**Task details**
Everything in the listing below from the line containing "Arden CNC TCT" through the line containing "HAPPY LANE 1" must be repeated exactly; the remaining lines are not wanted.

———

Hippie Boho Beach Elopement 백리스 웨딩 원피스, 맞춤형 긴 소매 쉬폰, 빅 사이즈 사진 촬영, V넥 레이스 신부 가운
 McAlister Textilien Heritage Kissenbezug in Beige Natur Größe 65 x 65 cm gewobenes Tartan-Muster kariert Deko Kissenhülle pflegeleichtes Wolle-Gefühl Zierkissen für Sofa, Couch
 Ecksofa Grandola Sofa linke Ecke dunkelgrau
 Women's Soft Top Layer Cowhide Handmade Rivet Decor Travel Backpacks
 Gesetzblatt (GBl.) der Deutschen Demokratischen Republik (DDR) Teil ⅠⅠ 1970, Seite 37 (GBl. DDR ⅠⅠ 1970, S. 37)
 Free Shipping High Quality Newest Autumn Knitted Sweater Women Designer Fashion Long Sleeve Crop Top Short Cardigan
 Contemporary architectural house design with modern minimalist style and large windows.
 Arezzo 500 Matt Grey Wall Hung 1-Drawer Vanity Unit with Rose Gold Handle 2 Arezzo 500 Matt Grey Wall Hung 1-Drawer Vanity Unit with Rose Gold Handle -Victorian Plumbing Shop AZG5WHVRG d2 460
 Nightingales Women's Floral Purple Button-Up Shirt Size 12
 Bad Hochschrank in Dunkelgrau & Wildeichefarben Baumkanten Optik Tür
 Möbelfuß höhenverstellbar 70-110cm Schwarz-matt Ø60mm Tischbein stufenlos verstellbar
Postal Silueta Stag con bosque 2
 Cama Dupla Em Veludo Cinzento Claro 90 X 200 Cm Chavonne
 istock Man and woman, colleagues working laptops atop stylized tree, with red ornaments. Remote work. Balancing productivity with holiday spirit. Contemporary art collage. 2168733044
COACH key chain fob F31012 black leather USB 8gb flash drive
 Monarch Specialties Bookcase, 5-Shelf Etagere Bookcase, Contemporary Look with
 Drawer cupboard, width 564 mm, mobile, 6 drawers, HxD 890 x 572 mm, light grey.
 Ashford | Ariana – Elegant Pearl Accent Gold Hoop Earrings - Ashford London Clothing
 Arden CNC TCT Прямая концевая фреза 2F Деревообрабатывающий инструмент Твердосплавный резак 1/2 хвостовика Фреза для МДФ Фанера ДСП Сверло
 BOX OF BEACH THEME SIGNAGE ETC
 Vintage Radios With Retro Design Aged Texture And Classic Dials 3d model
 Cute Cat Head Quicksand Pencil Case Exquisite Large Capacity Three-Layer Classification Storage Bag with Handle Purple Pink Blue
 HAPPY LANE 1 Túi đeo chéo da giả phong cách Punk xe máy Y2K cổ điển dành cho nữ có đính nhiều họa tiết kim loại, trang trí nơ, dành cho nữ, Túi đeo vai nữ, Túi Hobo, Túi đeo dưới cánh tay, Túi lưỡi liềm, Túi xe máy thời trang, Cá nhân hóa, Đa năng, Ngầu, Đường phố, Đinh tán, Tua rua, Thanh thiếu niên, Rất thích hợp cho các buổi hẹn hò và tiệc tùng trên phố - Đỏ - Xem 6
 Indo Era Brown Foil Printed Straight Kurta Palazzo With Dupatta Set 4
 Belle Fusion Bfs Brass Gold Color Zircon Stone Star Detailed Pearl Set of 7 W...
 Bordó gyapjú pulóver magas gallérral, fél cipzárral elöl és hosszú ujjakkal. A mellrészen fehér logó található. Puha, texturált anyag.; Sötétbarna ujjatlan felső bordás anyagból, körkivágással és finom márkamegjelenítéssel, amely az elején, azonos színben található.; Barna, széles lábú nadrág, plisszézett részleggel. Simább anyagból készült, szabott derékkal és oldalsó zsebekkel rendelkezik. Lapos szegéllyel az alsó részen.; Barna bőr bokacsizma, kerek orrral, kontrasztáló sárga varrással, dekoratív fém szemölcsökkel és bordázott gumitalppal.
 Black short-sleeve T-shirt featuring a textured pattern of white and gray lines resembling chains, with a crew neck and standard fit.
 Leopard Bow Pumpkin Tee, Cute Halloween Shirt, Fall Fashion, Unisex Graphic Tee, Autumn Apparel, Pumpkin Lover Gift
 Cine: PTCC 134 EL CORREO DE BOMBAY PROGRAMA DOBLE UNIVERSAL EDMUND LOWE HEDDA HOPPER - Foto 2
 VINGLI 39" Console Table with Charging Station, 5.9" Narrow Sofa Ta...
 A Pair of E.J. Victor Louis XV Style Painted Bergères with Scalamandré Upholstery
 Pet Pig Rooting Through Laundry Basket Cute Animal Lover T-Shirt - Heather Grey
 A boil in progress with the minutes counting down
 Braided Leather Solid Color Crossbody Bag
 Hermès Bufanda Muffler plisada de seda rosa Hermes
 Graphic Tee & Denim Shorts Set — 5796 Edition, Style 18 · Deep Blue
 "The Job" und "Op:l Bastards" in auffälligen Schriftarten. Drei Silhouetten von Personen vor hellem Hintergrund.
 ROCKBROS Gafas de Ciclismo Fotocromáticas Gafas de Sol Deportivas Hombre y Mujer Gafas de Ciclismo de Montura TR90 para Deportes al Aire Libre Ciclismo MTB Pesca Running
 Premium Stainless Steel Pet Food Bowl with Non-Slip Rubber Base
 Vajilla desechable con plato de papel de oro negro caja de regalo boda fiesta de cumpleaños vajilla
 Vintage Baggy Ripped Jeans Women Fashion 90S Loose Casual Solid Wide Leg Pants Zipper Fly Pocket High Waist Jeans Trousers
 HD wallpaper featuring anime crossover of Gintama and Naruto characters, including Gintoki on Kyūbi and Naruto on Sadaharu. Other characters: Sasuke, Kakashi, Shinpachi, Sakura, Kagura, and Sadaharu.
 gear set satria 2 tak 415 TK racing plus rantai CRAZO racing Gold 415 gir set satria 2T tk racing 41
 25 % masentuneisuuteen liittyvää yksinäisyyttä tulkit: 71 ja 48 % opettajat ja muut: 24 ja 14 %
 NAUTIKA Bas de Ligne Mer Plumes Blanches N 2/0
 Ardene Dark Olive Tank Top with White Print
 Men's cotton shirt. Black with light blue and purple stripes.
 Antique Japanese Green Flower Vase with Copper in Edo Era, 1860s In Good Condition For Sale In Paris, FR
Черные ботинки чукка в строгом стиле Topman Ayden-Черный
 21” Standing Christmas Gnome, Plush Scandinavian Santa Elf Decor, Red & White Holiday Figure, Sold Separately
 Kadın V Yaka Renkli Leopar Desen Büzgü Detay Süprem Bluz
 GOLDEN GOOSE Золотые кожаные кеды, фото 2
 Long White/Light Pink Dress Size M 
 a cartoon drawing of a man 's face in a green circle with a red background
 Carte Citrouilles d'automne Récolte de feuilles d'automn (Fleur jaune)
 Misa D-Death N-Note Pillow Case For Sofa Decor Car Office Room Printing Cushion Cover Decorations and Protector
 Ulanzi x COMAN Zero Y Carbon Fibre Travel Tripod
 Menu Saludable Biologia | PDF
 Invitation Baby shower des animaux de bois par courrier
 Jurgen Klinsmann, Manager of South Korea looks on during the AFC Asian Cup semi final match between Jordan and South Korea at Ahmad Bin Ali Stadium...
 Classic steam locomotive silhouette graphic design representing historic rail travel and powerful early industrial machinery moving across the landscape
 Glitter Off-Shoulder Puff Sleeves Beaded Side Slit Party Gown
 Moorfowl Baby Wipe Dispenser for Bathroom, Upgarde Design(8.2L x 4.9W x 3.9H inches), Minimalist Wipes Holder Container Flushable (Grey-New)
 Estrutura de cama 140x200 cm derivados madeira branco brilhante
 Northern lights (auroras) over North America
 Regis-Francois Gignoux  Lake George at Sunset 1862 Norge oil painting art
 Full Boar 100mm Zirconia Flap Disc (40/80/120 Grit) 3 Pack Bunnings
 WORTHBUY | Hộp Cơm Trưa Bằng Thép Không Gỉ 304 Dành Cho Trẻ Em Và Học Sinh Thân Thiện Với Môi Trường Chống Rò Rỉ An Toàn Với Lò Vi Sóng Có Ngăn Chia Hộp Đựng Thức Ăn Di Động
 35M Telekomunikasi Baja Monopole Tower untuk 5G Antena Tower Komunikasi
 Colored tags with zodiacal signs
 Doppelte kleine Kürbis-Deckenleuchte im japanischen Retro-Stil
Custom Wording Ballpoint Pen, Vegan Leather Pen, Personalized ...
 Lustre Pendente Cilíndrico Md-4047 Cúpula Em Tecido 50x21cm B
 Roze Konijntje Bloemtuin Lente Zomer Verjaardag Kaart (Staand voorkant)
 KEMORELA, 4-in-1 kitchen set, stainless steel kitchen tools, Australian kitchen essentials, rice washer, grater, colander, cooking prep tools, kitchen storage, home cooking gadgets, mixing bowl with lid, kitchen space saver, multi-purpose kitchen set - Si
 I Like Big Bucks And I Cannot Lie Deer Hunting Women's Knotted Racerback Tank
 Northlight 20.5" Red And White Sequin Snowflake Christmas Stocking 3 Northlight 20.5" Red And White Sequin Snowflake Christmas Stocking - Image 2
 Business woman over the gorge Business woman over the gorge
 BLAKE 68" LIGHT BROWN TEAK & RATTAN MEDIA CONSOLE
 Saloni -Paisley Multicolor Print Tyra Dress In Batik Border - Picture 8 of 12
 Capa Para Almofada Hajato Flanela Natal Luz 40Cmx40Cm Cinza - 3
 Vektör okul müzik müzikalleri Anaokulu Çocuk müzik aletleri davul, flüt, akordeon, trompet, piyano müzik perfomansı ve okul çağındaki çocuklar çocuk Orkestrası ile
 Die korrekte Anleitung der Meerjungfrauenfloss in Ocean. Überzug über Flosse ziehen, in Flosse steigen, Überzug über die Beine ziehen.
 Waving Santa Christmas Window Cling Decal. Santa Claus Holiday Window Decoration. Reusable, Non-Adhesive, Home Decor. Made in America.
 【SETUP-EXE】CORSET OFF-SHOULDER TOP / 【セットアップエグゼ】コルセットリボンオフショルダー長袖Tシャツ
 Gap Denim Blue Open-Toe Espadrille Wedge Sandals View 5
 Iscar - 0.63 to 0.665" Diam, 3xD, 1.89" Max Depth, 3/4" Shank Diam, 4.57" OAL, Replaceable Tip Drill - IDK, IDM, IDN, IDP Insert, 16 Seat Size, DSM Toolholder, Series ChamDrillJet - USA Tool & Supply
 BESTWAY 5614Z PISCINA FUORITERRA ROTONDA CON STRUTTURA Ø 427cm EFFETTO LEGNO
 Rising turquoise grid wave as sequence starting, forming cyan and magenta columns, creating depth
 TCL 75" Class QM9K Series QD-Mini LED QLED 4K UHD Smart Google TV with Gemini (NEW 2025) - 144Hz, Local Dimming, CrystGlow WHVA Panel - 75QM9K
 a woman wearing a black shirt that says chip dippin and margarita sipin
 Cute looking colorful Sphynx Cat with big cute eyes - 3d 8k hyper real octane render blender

———

**Worked solution**
 Arden CNC TCT Прямая концевая фреза 2F Деревообрабатывающий инструмент Твердосплавный резак 1/2 хвостовика Фреза для МДФ Фанера ДСП Сверло
 BOX OF BEACH THEME SIGNAGE ETC
 Vintage Radios With Retro Design Aged Texture And Classic Dials 3d model
 Cute Cat Head Quicksand Pencil Case Exquisite Large Capacity Three-Layer Classification Storage Bag with Handle Purple Pink Blue
 HAPPY LANE 1 Túi đeo chéo da giả phong cách Punk xe máy Y2K cổ điển dành cho nữ có đính nhiều họa tiết kim loại, trang trí nơ, dành cho nữ, Túi đeo vai nữ, Túi Hobo, Túi đeo dưới cánh tay, Túi lưỡi liềm, Túi xe máy thời trang, Cá nhân hóa, Đa năng, Ngầu, Đường phố, Đinh tán, Tua rua, Thanh thiếu niên, Rất thích hợp cho các buổi hẹn hò và tiệc tùng trên phố - Đỏ - Xem 6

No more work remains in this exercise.